La fine dell’era Craxi si è conclusa col collasso simultaneo sia di questo sistema politico, sia del sistema economico e quindi della struttura capitalistica italiana fondata negli anni trenta da Beneduce.
Questo sistema si basava non solo sulla corruzzione e sul finanziamento illecito ai partiti.
Ma soprattutto basava il suo consenso sull’allargamento indefinito del debito pubblico.
Tutti erano contenti rispetto a queste politiche: Confindustria che così non doveva pagare troppo i suoi lavoratori; la Cgil che così otteneva ampi risultati senza dovere rompere troppo.
Soprattutto erano contenti gli italiani.
È vero erano tutti più o meno d’accordo. Ciò non toglie che Craxi resta la figura di massimo spicco di quel periodo ed è quindi normale che essendosi concluso molto male, il giudizio nei suoi confronti debba essere negativo.
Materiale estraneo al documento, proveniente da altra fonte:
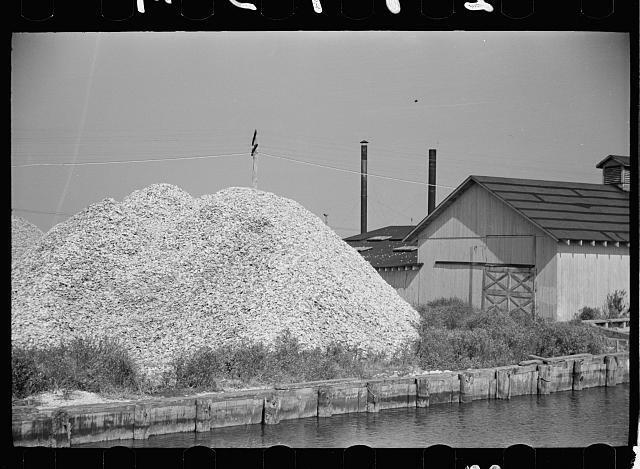 Pile of oyster shells Shellpile New Jersey 1930s Historic Old Photo 1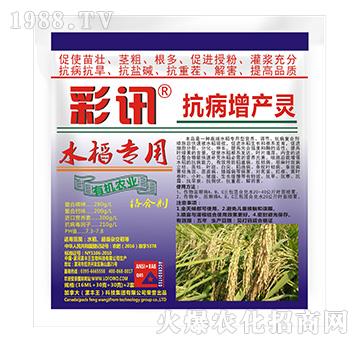 水稻專用抗病增產(chǎn)靈-彩訊-漯豐王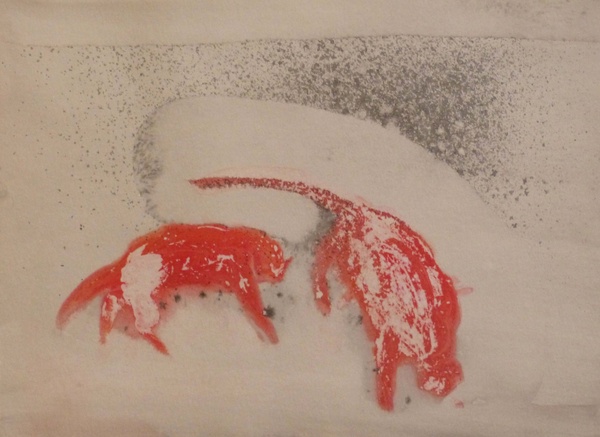 Gatti nella neve 2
Occorre poi ricordare che di fianco a Sigonella Craxi fu tra i primi a installare in Italia gli euromissili, dimostrnadosi un fiero alleato degli Usa e un feroce anti-comunista.
attilio mangano
Una replica a GA, anche se non credo servirà a nuovi chiarimenti.Colpisce nelle sue affermazioni il richiamo negativo agli euromissili e all’anticomunismo, affermazioni ideologiche da muro di Berlino. Dal punto di vista del giudizio storico credo che i due aspetti rappresentino in ogni caso dei meriti indubbi di Craxi che gli riconoscono davvero tutti, da Havel a tutti i paesi dell’Est all’ Internazionale Socialista. Se si vuole discutere seriamente degli aspetti negativi credo proprio si debbano prendere in considerazione ben altri aspetti.
marta
Che grandi contraddizioni craxiane. La sua scacchiera è servita per decidere il futuro dell’articolo 3 della Costituzione.